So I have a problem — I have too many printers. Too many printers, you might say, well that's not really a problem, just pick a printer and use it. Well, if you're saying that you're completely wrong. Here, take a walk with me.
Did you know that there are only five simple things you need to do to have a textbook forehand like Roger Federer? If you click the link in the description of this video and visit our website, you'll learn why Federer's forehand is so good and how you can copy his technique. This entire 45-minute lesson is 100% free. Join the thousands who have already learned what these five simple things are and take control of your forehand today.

________________________

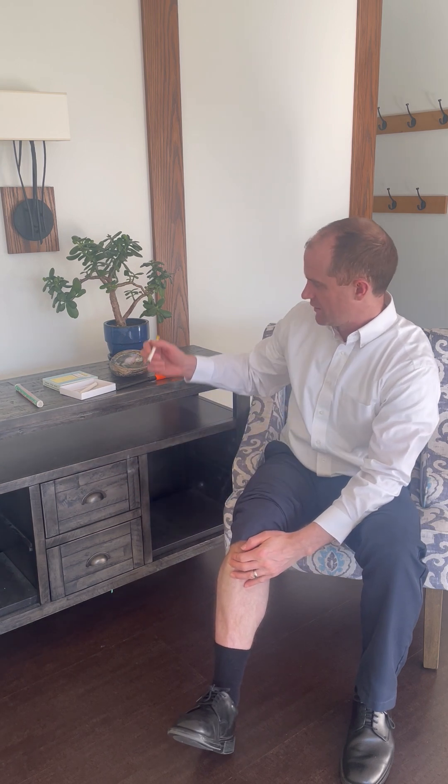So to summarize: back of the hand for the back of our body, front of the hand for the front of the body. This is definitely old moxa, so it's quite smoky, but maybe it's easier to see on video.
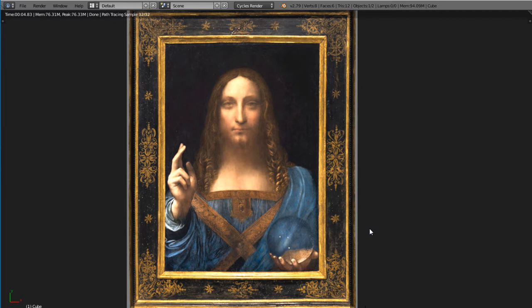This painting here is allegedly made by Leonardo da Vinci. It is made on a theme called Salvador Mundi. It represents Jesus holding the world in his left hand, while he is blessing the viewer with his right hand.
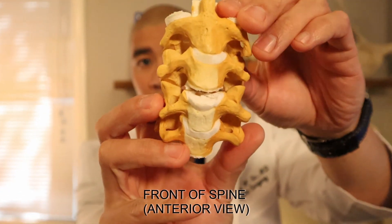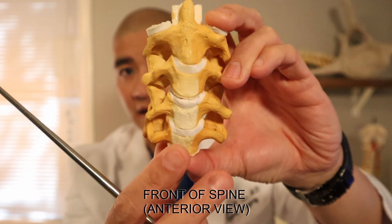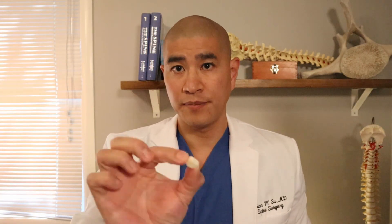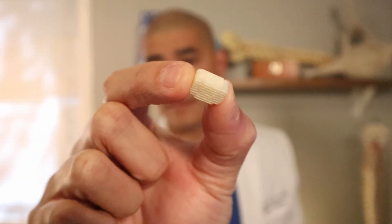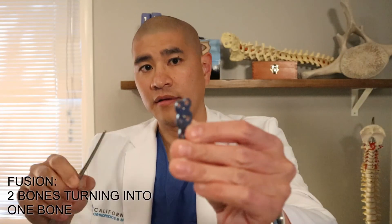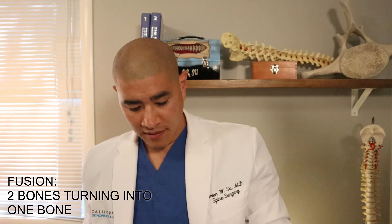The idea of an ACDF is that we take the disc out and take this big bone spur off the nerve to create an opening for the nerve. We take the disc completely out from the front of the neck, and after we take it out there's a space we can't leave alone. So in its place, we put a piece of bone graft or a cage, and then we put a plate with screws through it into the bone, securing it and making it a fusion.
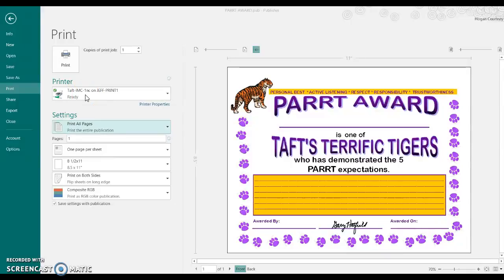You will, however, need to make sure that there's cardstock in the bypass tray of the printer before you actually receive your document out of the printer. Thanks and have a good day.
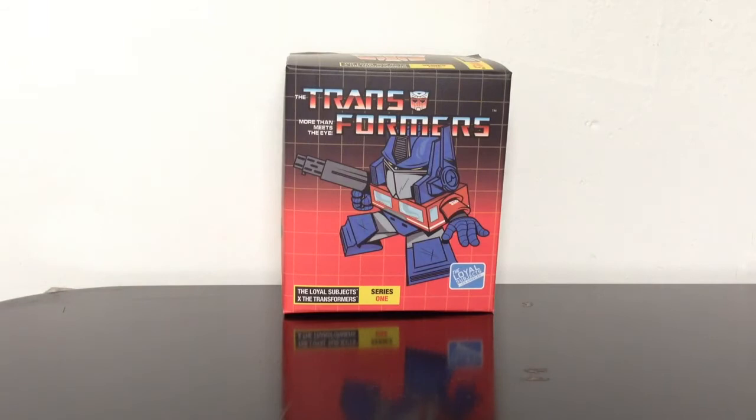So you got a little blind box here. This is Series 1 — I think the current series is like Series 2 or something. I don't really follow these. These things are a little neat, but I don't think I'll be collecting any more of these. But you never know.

________________________

▸ Exercise aim
Please transcribe exactly the lines above from the line that has "So I have a" up to and including the line that has "Did you know"; no other line belongs in the answer.

▸ Answer to this problem
So I have a problem — I have too many printers. Too many printers, you might say, well that's not really a problem, just pick a printer and use it. Well, if you're saying that you're completely wrong. Here, take a walk with me.
Did you know that there are only five simple things you need to do to have a textbook forehand like Roger Federer? If you click the link in the description of this video and visit our website, you'll learn why Federer's forehand is so good and how you can copy his technique. This entire 45-minute lesson is 100% free. Join the thousands who have already learned what these five simple things are and take control of your forehand today.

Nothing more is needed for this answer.